= Suceava Prison =

Prison in Suceava, Romania

Suceava Prison was a prison located in Suceava, Romania.

The prison dates to 1880, during the Austro-Hungarian period, and occupied the same building as the courthouse. A chapel was once located in the middle of the prison. Prisoners took part in services, and in 1941-1944 were joined by Iron Guard detainees, many of whom were priests. From 1944 to 1948, priests from outside the prison were brought in to officiate. In 1948, the new communist regime closed the chapel. The room was used as storage space for prisoners until 1955, thereafter for guards. Until 1941, prisoners were housed on the ground and two upper floors. That year, isolation cells were opened in the basement; these were sealed in 1945. Until 1944, the prison held common criminals, Iron Guardists and, on the second floor, sympathizers of the banned Romanian Communist Party.

Beginning in 1945, the common criminals held at Suceava were those considered dangerous, such as murderers. The building's architecture made escape nearly impossible. The prison, located on the edge of the city, acquired an ashen color, and its inmates referred to it as a grave without a cross. Political prisoners came from the Iron Guard. The secret police, known as the Securitate from 1948, had its arrest rooms in the same building, meaning it had ready access to the detainees, whom it would often subject to violent interrogations.
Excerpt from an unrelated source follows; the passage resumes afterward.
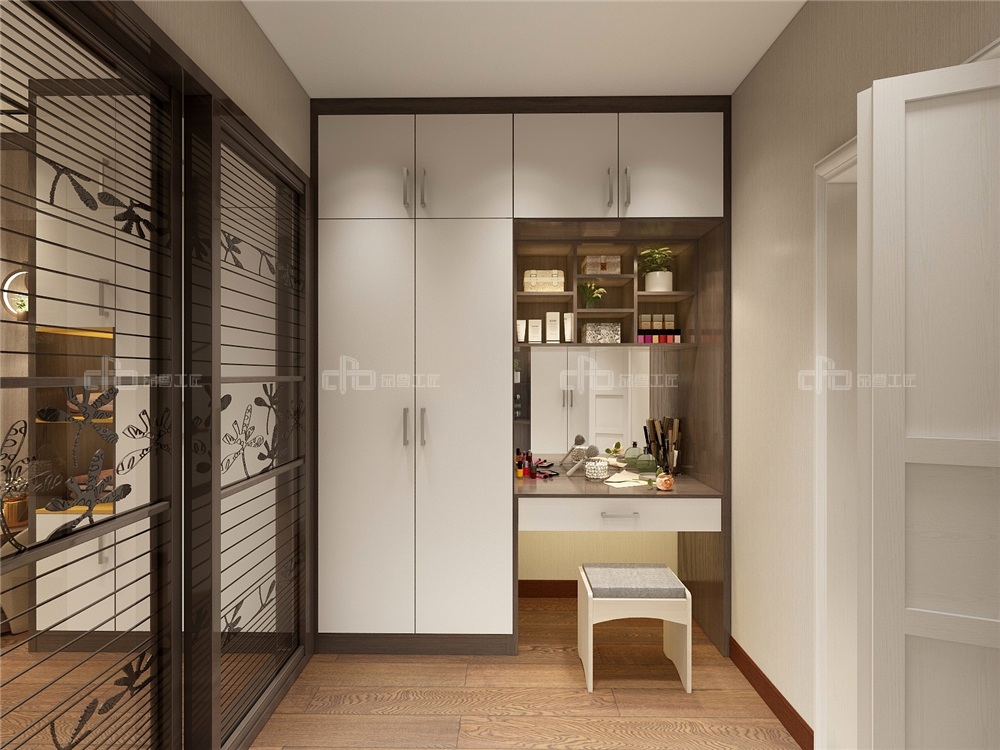 定制衣柜是怎么算價格的?(圖1) 整木定制,全屋定制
Detainees held in the Securitate cells were often left there for months without being questioned. One woman had her tympanum burst during a beating, followed by two months of hemorrhage; while her sister went into a spontaneous abortion and severe internal bleeding. The facility was closed on January 1, 1958, its inmates sent to Botoșani Prison.

It was at Suceava that the “re-education” experiment began, later exported to places like Pitești and Gherla. The idea appears to have originated in mid-1948 with the civil-servant father of Alexandru Bogdanovici, one of numerous Iron Guardists from Western Moldavia sent to Suceava that year. The suggestion, drawing on a 1945 amnesty of Iron Guard members who pledged to cease anti-regime activities, was that initiating a re-education process might lead to a pardon. The authorities seemed receptive, and re-education began in late 1948. Eugen Țurcanu replaced Bogdanovici as lead re-educator in February 1949. In April, some 80 initiates were transferred to Pitești to continue. At Suceava, the short-lived experiment was rather mild, attempting to persuade prisoners of the virtues of internationalism. Many of these rebuffed the teams’ efforts. Around 1949–1952, the region saw activity both against collectivization and by the anti-communist resistance movement; mass arrests, torture and executions followed inside the prison.